(Reuters) – The U.S. Coast Guard was preparing on Monday morning to recover the “duck boat” that sank beneath storm-whipped waves in a Missouri lake last week, drowning 17 people in one of the deadliest tourist accidents in the United States in years.
After raising the World War Two-style amphibious landing craft from Table Rock Lake outside the popular vacation town of Branson, the Coast Guard said, it will hand boat over to federal investigators.
Thirty-one people were aboard the Ride the Ducks boat last Thursday when a sudden, intense storm struck, with winds just shy of hurricane strength churning the lake’s waters. Less than half survived the accident and officials are looking into what the boat’s operators knew about the weather forecast before setting out.
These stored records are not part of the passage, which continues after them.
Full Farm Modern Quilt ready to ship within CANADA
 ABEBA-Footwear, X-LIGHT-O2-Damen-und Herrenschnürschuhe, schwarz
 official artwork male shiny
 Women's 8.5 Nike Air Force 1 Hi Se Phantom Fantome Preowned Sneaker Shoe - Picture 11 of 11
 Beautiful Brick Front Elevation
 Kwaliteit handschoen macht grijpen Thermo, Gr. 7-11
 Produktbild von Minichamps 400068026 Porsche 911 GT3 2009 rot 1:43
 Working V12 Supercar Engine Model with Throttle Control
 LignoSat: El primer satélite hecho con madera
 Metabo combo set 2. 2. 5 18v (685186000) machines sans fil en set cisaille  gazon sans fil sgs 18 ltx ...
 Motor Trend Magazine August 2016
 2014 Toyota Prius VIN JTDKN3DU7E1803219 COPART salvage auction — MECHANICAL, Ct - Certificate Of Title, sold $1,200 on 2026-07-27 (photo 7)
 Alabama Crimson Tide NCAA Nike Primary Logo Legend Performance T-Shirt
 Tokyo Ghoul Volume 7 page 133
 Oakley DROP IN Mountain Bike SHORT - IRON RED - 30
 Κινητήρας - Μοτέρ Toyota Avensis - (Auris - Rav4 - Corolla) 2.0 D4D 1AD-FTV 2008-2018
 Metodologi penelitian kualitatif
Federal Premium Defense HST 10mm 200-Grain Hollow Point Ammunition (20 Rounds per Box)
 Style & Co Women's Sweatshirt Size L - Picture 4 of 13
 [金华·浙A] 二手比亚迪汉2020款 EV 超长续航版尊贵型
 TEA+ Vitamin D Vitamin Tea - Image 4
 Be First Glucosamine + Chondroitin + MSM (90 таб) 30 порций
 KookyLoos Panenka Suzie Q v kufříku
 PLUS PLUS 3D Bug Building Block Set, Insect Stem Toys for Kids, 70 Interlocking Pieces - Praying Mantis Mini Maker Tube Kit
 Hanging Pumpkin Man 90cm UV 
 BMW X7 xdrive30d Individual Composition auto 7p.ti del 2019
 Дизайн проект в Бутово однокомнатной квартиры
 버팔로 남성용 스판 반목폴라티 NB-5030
Among the dead were the boat’s driver and nine members of a single family. A memorial service was held in Branson on Sunday for the victims.
More than three dozen people have died in incidents involving duck boat vehicles in the United States over the past two decades, both on water and land.
Missouri Attorney General Josh Hawley has said the state is contemplating whether to bring criminal charges.
Ripley Entertainment, which owns the duck boat ride, has said the boats should not have been out in such bad weather and that the intensity of the storm was unexpected.
The National Transportation Safety Board, which will determine the causes of the accident, will look into what the boat operators knew about the weather forecast before taking the boat out.